# Help me select rear surround location



## redduck21502 (Oct 23, 2008)

In the next few months, I will be tearing out a wall between the kitchen and living room. I will leave a half wall of 42" tall and a bulkhead above the counter which is 12" to 16" tall and a little over 2' deep. Since I will have increased depth to the ceiling into the kitchen, I was hoping to add rear surrounds to my setup to take advantage of the 7.1 Blu-Ray discs that I have. I currently use in ceiling speakers for my side surrounds and I plan to use similar in ceiling surrounds for the rear surrounds. Instead of 8" drivers, I am looking at 5 1/4" in ceiling speakers. I am not asking for advice on going with another type of speaker for my surrounds or my mains, I am happy with the in-wall/in-ceiling setup, after all, it is only my living room. My question is where to place the rear surrounds? I can put them in the bulk head, but this will only sit about 3' behind the listening area. I could put them in the kitchen ceiling, but I don't know if the bulkhead would interfere. I also thought of putting them in the kitchen side of the bulkhead facing away from the living room for a more diffuse sound, but my current side surrounds sound OK to me directly pointing the tweeters toward the listening area.
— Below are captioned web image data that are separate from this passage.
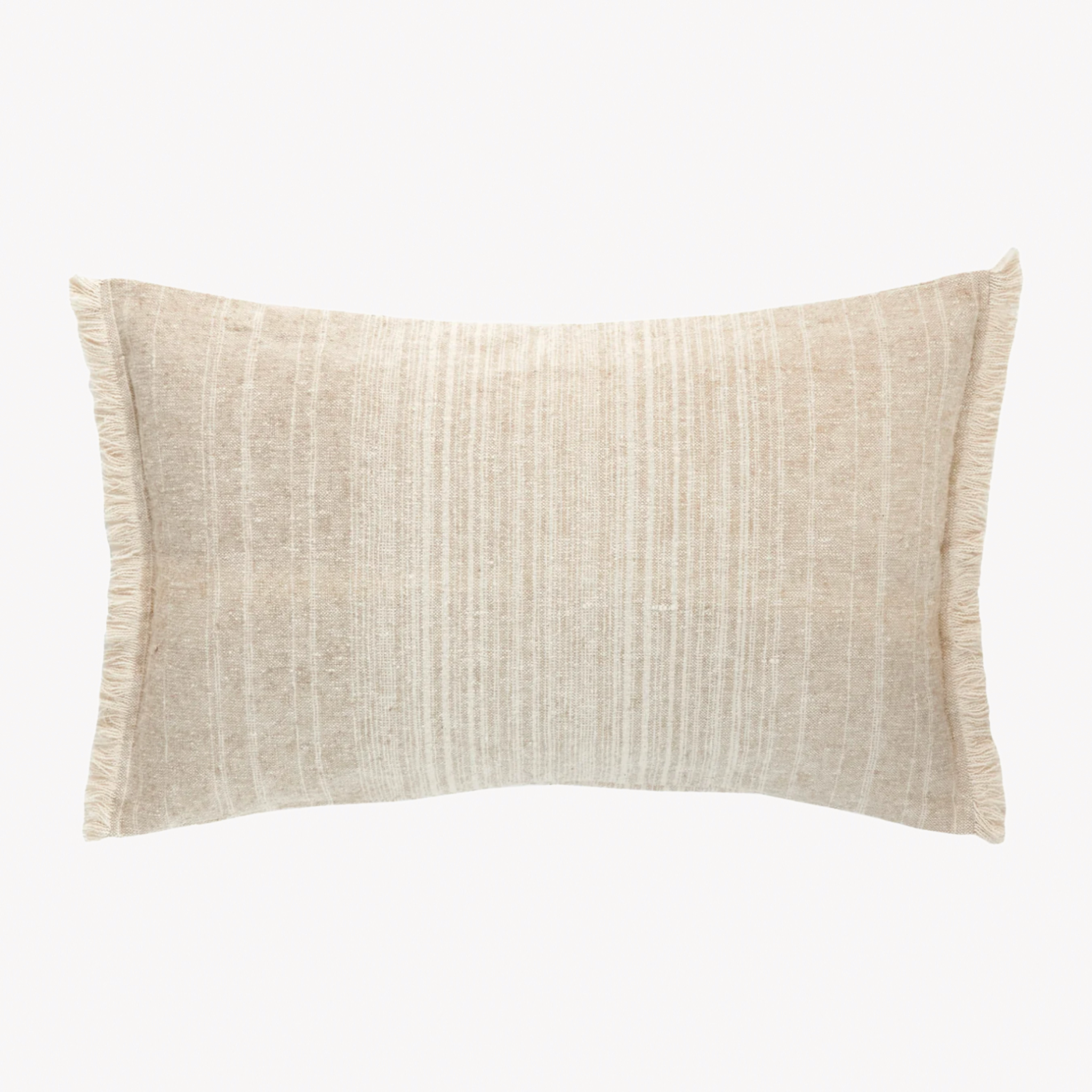 Pine Cone Hill Marie Flanigan Oliver Ombre Decorative Pillow and Throw - Natural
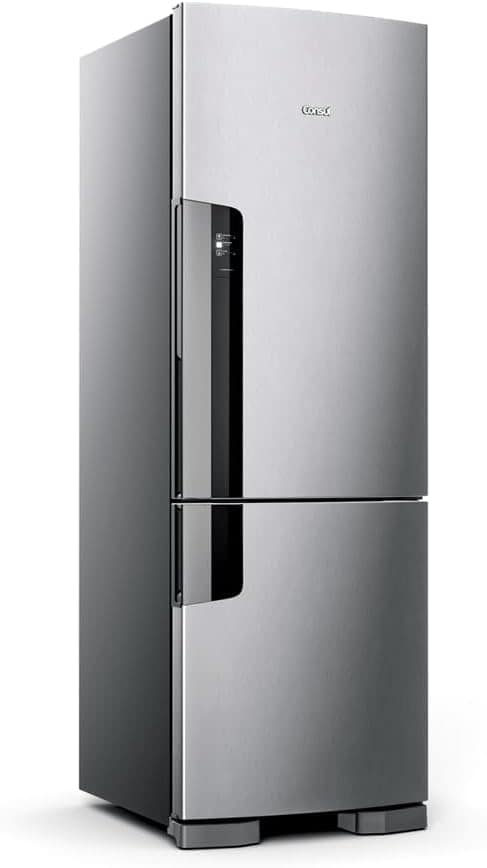 Geladeira Consul Frost Free Duplex 397 litros Evox com freez... - Image 2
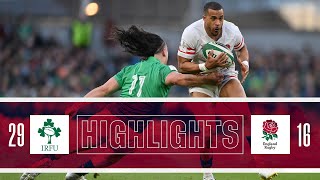 Six Nations highlights Ireland v England [upl. by Ashti953]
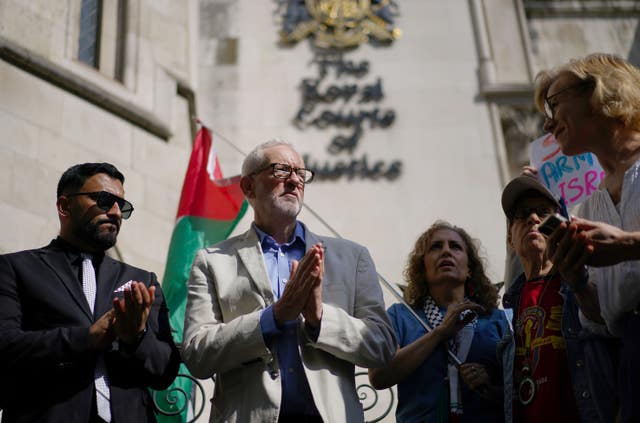 Arms export to Israel legal challenge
I also thought of putting them in the opposite bulkhead face.
I am going to try to include a rough sketch from MSPaint to illustrate the setup of the house and the HT. Also, how far apart should they be? Should they be the same distance apart as the L/R in the front?


----------



## eugovector (Sep 4, 2006)

It would be great is they were the same distance FROM THE LISTENER as the fronts/center. In other words, the distance from the speakers to your ears, ideally would be equal (Left = 8', Center = 8', Right Surround = 8', etc.)

However, every surround AVR should provide time delays to compensate for the difference in listening distance.

The distance between the surround speakers is not as critical, your ears don't do enough imaging behind you to make worrying about a cohesive "center-back" image a priority. Get them far enough apart that they will be outside the farthest point of your seating area (so no one is sitting to the left of your left surround), but don't get them too close to the walls. Slightly behind the seating would also be good in your case. 

Look for speakers with an aimable tweeter. This will allow you to play out with the amount of direct sound your getting, and better allow you to control direct reflections off the left wall.


----------